Eis um fado que não pertence só a Coimbra.

About PDuarte

Historiador, jardineiro, horticultor. Vive na província. No tempo vago, que procura multiplicar de dia para dia, perde-se em viagens, algumas pelos montes em redor, outras pelos livros que sempre o acompanham. Prefere o vinho à blogosfera, a blogosfera ao Parlamento.

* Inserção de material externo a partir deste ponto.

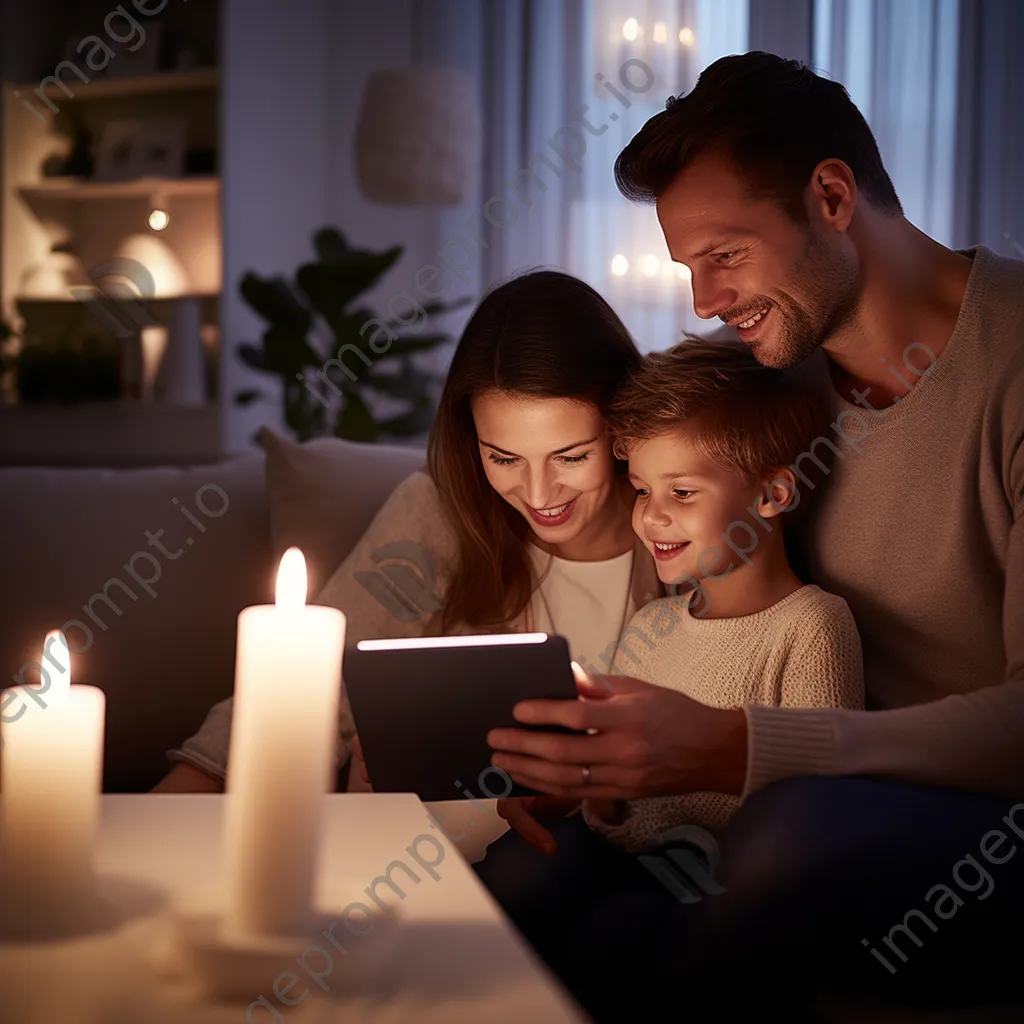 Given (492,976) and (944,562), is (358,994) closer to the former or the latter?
(492,976)

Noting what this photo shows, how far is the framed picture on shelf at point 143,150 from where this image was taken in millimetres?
4008

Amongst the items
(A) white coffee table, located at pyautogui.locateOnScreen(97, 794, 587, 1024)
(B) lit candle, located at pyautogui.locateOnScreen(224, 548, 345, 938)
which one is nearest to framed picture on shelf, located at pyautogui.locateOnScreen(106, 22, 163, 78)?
(A) white coffee table, located at pyautogui.locateOnScreen(97, 794, 587, 1024)

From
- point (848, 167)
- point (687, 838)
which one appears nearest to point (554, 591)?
point (687, 838)

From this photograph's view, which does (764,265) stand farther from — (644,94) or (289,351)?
(644,94)

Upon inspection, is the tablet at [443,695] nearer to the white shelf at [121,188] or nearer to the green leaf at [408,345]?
the green leaf at [408,345]

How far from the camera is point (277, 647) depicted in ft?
1.85

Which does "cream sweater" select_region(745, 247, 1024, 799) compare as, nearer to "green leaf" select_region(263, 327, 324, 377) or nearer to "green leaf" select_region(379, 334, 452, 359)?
"green leaf" select_region(379, 334, 452, 359)

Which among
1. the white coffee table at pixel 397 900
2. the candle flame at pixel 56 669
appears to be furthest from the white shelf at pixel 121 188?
the candle flame at pixel 56 669

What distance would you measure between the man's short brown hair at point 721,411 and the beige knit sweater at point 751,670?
19 centimetres

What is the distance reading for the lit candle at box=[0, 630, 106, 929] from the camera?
2.10ft

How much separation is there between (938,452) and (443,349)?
9.93ft

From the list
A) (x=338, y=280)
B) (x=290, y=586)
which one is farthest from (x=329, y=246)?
(x=290, y=586)

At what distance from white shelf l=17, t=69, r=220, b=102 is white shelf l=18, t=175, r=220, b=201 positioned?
0.31 m

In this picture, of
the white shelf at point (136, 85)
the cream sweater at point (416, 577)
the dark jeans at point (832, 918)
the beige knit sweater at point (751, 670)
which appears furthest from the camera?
the white shelf at point (136, 85) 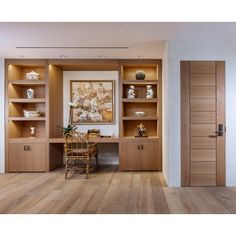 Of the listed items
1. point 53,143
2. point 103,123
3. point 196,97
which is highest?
point 196,97

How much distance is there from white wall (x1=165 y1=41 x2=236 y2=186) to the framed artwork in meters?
2.21

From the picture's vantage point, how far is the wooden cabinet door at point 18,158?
5910mm

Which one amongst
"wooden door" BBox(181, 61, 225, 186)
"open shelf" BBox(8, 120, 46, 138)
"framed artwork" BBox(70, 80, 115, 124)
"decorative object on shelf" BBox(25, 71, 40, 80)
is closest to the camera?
"wooden door" BBox(181, 61, 225, 186)

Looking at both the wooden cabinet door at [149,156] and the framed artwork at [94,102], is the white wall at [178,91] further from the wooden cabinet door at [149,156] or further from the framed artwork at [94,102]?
the framed artwork at [94,102]

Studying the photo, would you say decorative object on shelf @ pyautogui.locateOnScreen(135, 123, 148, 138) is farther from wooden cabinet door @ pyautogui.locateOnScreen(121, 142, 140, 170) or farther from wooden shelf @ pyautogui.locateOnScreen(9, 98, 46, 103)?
wooden shelf @ pyautogui.locateOnScreen(9, 98, 46, 103)

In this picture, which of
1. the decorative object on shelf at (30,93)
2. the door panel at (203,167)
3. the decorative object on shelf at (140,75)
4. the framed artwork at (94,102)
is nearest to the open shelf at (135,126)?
the framed artwork at (94,102)

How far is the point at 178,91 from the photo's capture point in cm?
461

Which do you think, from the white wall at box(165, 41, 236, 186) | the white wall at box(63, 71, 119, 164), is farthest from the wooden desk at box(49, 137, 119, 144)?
the white wall at box(165, 41, 236, 186)

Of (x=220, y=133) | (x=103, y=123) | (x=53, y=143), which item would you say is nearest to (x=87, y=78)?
(x=103, y=123)

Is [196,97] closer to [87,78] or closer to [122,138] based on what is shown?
[122,138]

Uma opinião sobre “Coimbra, cidade desaparecida – deserto, metrópole, espectáculo

  1. Sem um leitura profunda permito-me dizer que tenho reservas em relação à imagem de uma cidade boa outrora, versus cidade má actualmente, embora seja visível e motivo de chacota o estado a que Coimbra chegou.
    Não há dúvida que do ponto de vista do consumidor de cultura nunca houve, como hoje, tantas coisas para fazer, mesmo sem Avenida, Tivoli e Sousa Bastos.
    Infelizmente o território não foi desenhado nem planificado por ninguém.
    A cidade velha sem aspas sempre teve atribuídas as funções simbólica, a de recurso identitário e em menor escala função económica, a de recurso turístico.
    Se o Estado Novo não tivesse erguido” o monumental complexo universitário na zona alta”,
    a desertificação não seria maior? Não quero justificar o crime que aliás continua, desde logo com o contínuo desaparecimento de ruas pavimentadas por calhaus rolados submersos em alcatrão.
    A última foi a rua do Padrão certamente não a pedido da Critical S.
    Lá está, a cidade é dos automóveis.

    Tenho que ler com mais atenção, mas pergunto: 1podemos ter esperança?
    2- onde discutir estes assuntos e outros, nos C por Coimbra?